Elle était pleine d'une détermination farouche lorsqu'elle poussa la porte de verre du magasin.
La chaleur lui explosa au visage. Il y avait du monde. Assez de monde pour faire une foule. Pas trop pour qu'elle ne fût pas compacte et infranchissable. Alice déambula au rez-de-chaussée, s'arrêtant pour regarder bijoux et parfums, foulards de soies et cravates, revenant sur ses pas pour s'offrir une petite bague, entraînant les deux flics antillais qui la suivaient séparément à quelques mètres, l'air de rien, dans une danse compliquée autour des rayonnages.
Puis elle monta au premier par l'escalator, les jeux vidéo, les ordinateurs et l'électroménager, puis au deuxième, aux rayons livres, disques et hifi.
Les deux flics s'arrêtèrent devant les murs de magnétoscopes et de platines laser.

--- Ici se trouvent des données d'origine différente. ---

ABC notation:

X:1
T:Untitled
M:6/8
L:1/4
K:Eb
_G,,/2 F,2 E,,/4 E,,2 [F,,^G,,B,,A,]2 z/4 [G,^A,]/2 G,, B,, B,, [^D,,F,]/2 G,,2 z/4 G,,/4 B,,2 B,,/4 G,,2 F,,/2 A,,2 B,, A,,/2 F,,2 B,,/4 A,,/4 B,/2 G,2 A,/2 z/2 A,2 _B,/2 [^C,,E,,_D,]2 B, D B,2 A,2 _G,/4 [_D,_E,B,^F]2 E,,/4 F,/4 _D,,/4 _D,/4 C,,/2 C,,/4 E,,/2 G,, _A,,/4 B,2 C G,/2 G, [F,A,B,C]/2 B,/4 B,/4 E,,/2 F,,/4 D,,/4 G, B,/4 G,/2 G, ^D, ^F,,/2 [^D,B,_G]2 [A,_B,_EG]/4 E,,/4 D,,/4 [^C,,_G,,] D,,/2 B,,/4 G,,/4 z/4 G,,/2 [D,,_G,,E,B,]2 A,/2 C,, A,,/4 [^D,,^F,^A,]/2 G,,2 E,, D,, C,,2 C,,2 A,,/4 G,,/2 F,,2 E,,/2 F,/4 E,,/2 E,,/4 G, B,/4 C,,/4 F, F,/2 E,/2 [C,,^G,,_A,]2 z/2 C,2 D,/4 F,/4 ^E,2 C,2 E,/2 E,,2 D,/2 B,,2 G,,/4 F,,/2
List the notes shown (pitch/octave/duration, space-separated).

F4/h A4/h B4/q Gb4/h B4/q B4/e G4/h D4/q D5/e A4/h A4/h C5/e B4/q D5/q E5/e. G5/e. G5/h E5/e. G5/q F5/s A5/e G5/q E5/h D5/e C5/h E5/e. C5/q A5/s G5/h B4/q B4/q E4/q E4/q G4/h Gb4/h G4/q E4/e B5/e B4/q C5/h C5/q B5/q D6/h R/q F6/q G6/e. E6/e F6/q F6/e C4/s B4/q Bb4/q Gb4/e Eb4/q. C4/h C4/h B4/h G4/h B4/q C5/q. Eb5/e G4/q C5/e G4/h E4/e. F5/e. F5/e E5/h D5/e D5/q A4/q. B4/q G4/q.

Alice dériva lentement vers le rayon livres. Oskar tourna la tête pour voir où elle était mais elle lui fit un petit signe amical, l'air de dire «tout va bien, je regarde juste quelques bouquins».

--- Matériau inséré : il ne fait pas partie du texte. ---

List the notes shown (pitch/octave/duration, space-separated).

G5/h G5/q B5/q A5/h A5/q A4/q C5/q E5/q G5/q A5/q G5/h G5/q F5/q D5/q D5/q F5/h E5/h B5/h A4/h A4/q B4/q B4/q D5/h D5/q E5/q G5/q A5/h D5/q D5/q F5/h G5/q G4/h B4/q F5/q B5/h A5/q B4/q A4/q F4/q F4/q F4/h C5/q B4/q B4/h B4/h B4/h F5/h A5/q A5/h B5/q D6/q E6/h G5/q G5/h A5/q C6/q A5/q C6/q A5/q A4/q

Oskar et Julian se retrouvèrent rapidement au rayon des disques laser et elle put les voir comparer des disques de reggae et de salsa.
Les rayons de la librairie couraient jusqu'à l'escalier mécanique. Il y avait peu de monde dans cette partie du magasin, quelques personnes qui furetaient autour des ouvrages. Alice feuilleta négligemment quelques livres tout en glissant vers la rampe de couleur bleue. Lorsqu'elle ouvrit Le grand sommeil de Raymond Chandler, elle n'en était plus qu'à quelques mètres. Oskar et Julian étaient plongés dans l'intégrale de Bob Marley. Alice reposa le livre en suspendant sa respiration. Son cœur envoyait des paquets de sang et d'émotion à son cerveau. La chaleur du magasin devenait torride et elle sentit des gouttes de sueur perler à son front et le long de son cou.
Allez, un dernier effort.
Elle glissa jusqu'à l'extrémité du rayonnage, trouva Asimov et Aldiss, des collections de sciencefiction de poche dont elle ne perçut que les couvertures colorées, dans un kaléidoscope violacé.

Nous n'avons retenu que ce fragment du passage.